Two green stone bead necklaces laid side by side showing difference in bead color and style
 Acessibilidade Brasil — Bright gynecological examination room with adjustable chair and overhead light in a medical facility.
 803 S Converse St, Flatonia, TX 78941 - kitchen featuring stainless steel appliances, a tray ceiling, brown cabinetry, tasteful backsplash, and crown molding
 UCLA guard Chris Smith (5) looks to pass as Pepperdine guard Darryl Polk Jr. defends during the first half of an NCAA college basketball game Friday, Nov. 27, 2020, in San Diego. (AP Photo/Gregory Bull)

> _WORK INSTRUCTION_
Give the data again exactly, line for line.

> _RESULT BELOW_
Two green stone bead necklaces laid side by side showing difference in bead color and style
 Acessibilidade Brasil — Bright gynecological examination room with adjustable chair and overhead light in a medical facility.
 803 S Converse St, Flatonia, TX 78941 - kitchen featuring stainless steel appliances, a tray ceiling, brown cabinetry, tasteful backsplash, and crown molding
 UCLA guard Chris Smith (5) looks to pass as Pepperdine guard Darryl Polk Jr. defends during the first half of an NCAA college basketball game Friday, Nov. 27, 2020, in San Diego. (AP Photo/Gregory Bull)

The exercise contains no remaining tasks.